How to complete this task: Word for word, give the records again, dropping any picture they hold.

[Collected data]
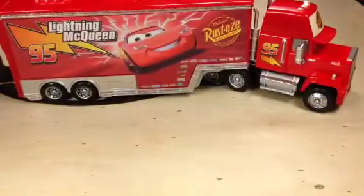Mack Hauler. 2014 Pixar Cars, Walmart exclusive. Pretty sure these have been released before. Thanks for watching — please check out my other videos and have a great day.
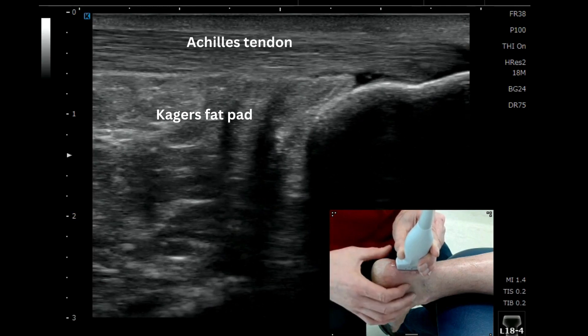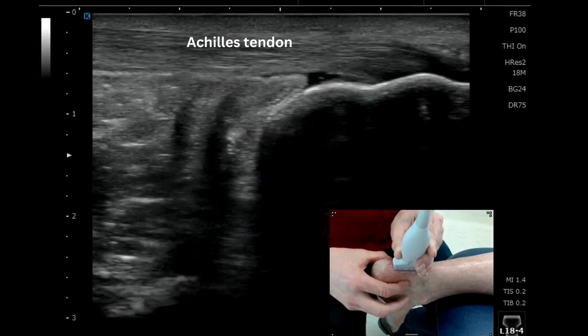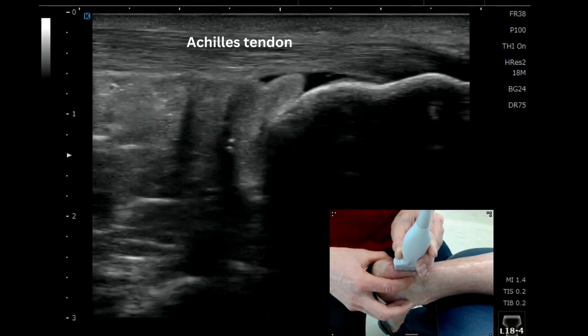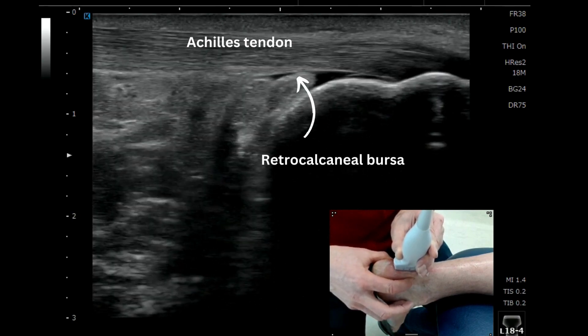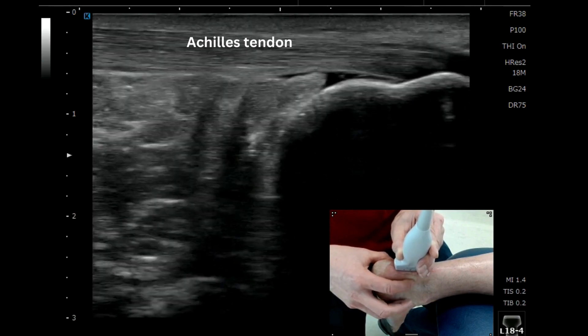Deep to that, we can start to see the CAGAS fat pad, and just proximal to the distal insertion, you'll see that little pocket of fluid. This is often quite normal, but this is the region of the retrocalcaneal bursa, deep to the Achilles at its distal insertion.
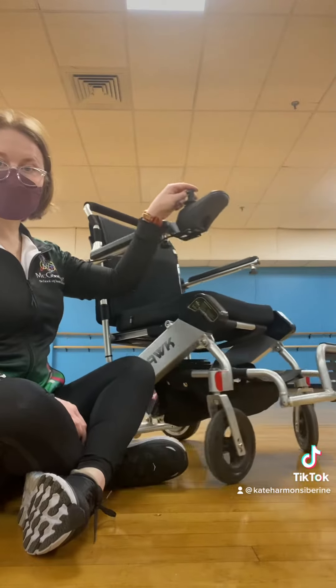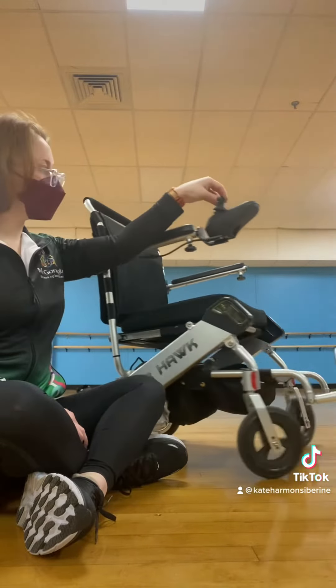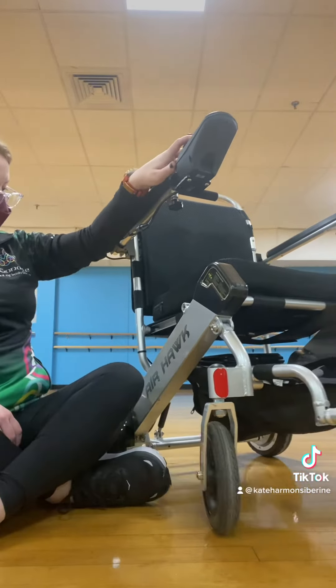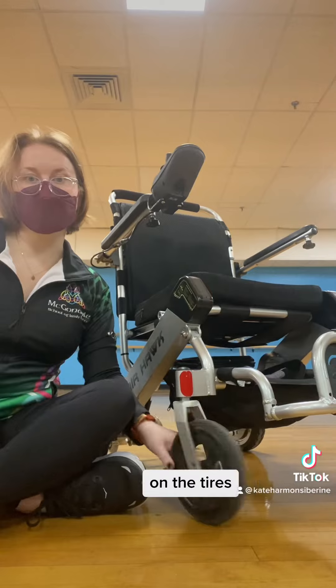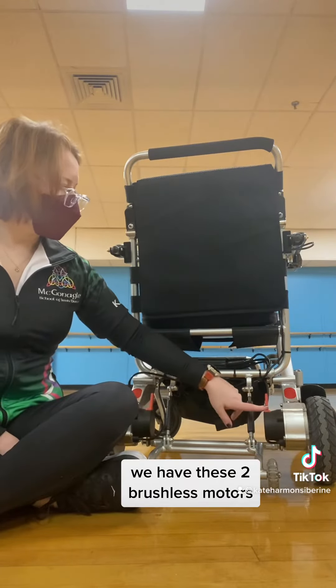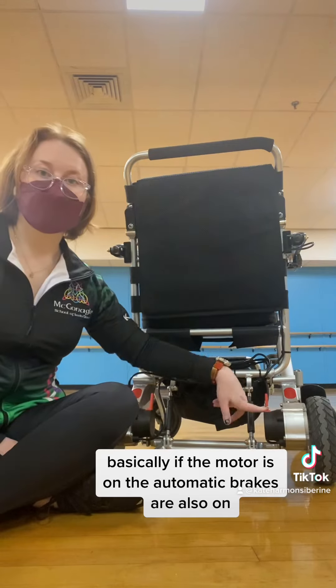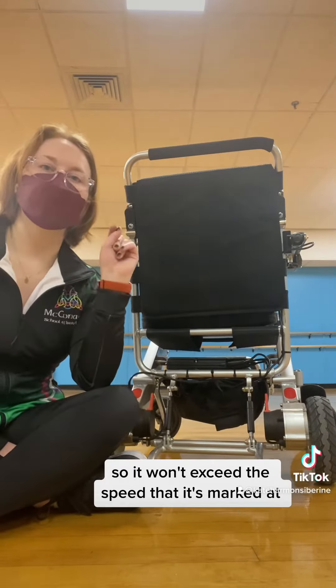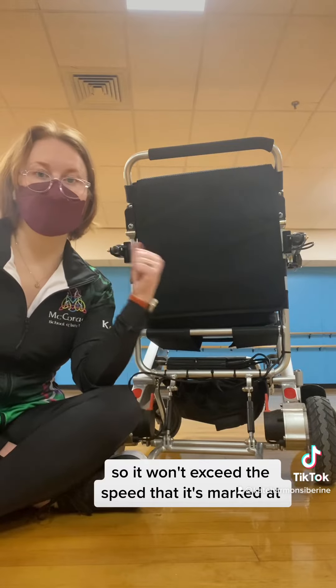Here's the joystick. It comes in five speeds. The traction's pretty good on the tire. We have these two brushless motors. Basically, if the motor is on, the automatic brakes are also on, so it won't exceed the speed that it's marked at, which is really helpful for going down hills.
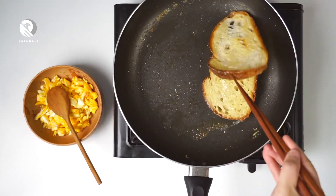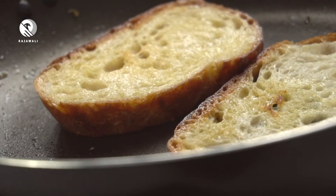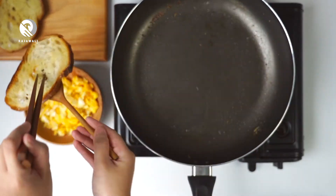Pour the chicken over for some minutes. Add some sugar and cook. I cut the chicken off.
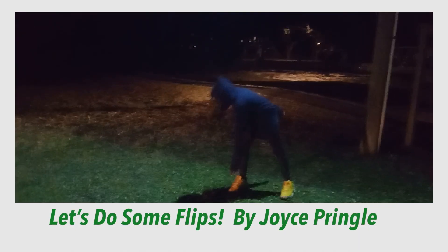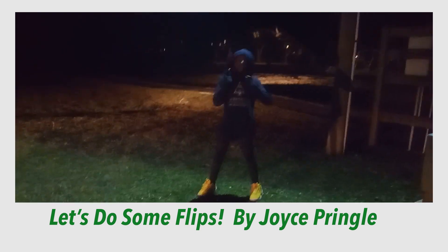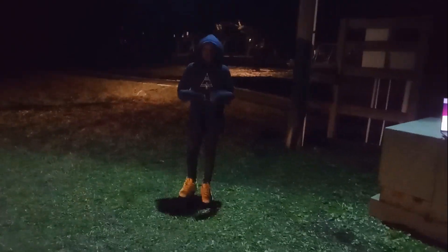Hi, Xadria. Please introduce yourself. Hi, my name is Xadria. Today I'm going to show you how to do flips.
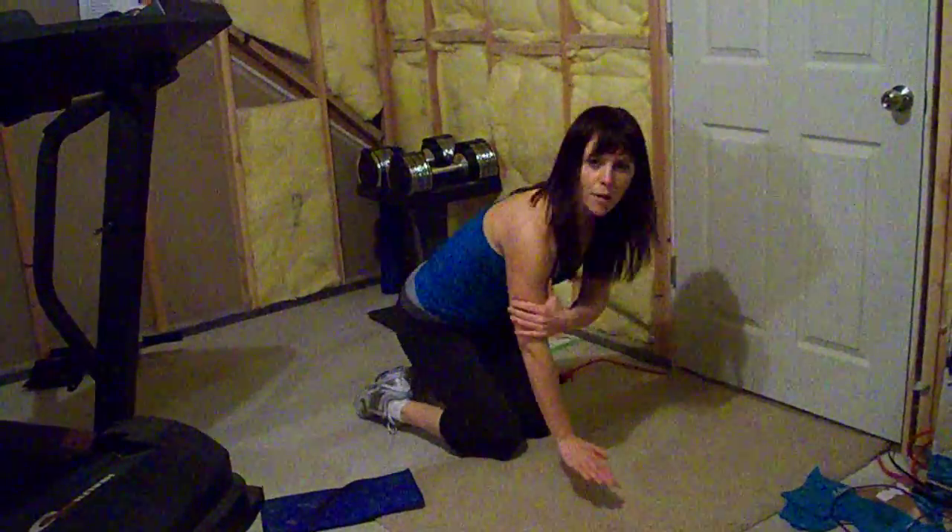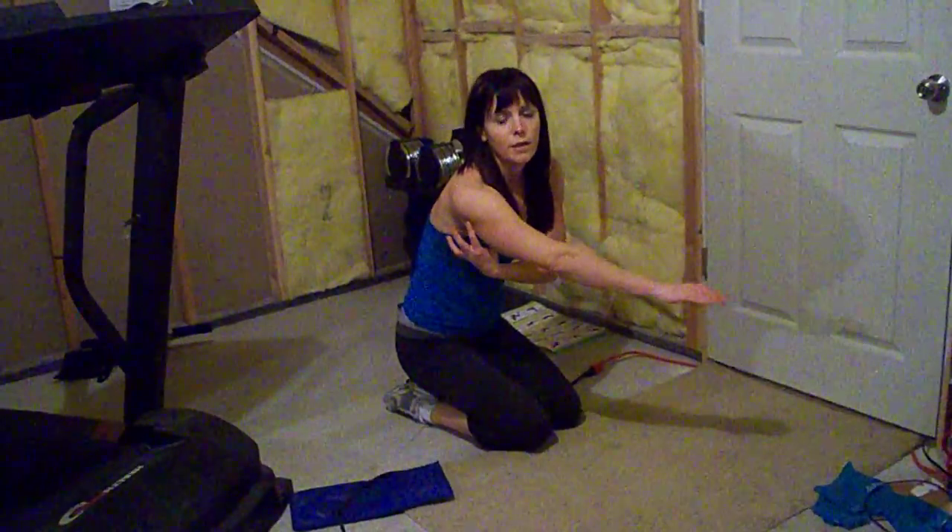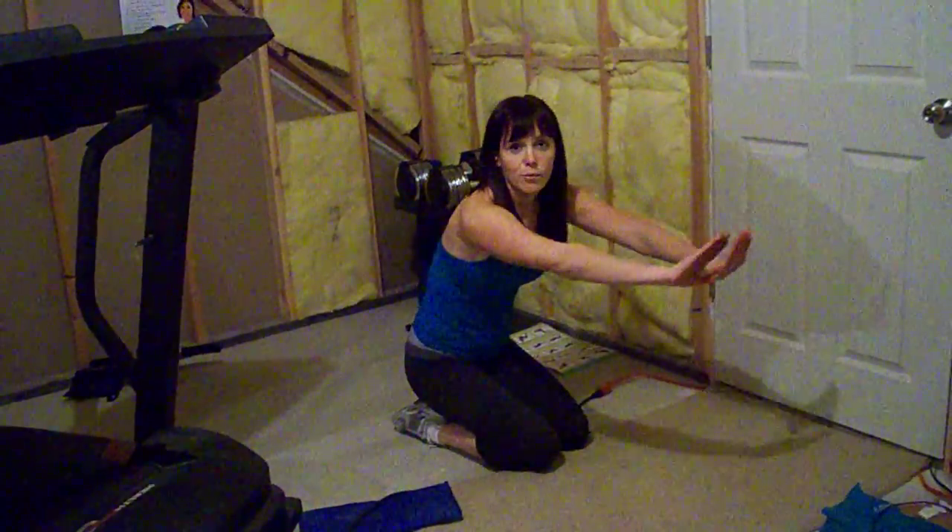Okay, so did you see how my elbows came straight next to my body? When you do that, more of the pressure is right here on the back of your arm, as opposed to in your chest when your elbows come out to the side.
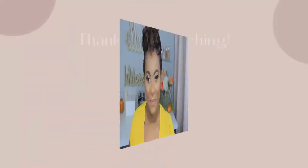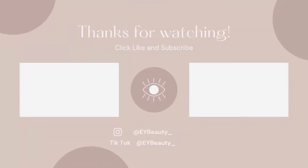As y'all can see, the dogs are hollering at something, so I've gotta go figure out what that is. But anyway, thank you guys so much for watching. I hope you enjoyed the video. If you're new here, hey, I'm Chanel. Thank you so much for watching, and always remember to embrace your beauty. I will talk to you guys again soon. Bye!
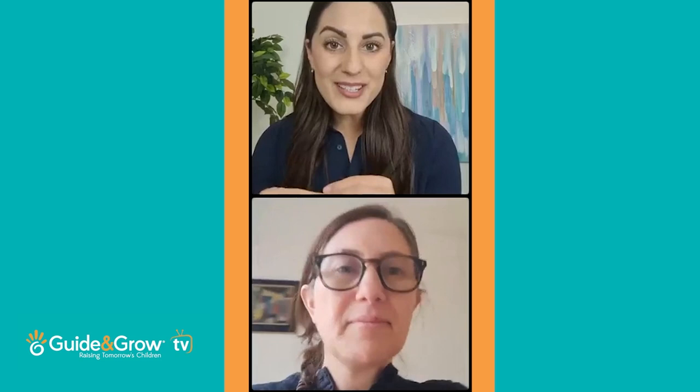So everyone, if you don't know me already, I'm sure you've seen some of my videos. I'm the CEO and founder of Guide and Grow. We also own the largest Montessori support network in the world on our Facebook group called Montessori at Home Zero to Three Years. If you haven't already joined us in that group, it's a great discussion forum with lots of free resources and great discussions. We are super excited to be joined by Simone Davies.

Exercise output:
Mack Hauler. 2014 Pixar Cars, Walmart exclusive. Pretty sure these have been released before. Thanks for watching — please check out my other videos and have a great day.
Deep to that, we can start to see the CAGAS fat pad, and just proximal to the distal insertion, you'll see that little pocket of fluid. This is often quite normal, but this is the region of the retrocalcaneal bursa, deep to the Achilles at its distal insertion.
Here's the joystick. It comes in five speeds. The traction's pretty good on the tire. We have these two brushless motors. Basically, if the motor is on, the automatic brakes are also on, so it won't exceed the speed that it's marked at, which is really helpful for going down hills.
Pour the chicken over for some minutes. Add some sugar and cook. I cut the chicken off.
Hi, Xadria. Please introduce yourself. Hi, my name is Xadria. Today I'm going to show you how to do flips.
Okay, so did you see how my elbows came straight next to my body? When you do that, more of the pressure is right here on the back of your arm, as opposed to in your chest when your elbows come out to the side.
As y'all can see, the dogs are hollering at something, so I've gotta go figure out what that is. But anyway, thank you guys so much for watching. I hope you enjoyed the video. If you're new here, hey, I'm Chanel. Thank you so much for watching, and always remember to embrace your beauty. I will talk to you guys again soon. Bye!
So everyone, if you don't know me already, I'm sure you've seen some of my videos. I'm the CEO and founder of Guide and Grow. We also own the largest Montessori support network in the world on our Facebook group called Montessori at Home Zero to Three Years. If you haven't already joined us in that group, it's a great discussion forum with lots of free resources and great discussions. We are super excited to be joined by Simone Davies.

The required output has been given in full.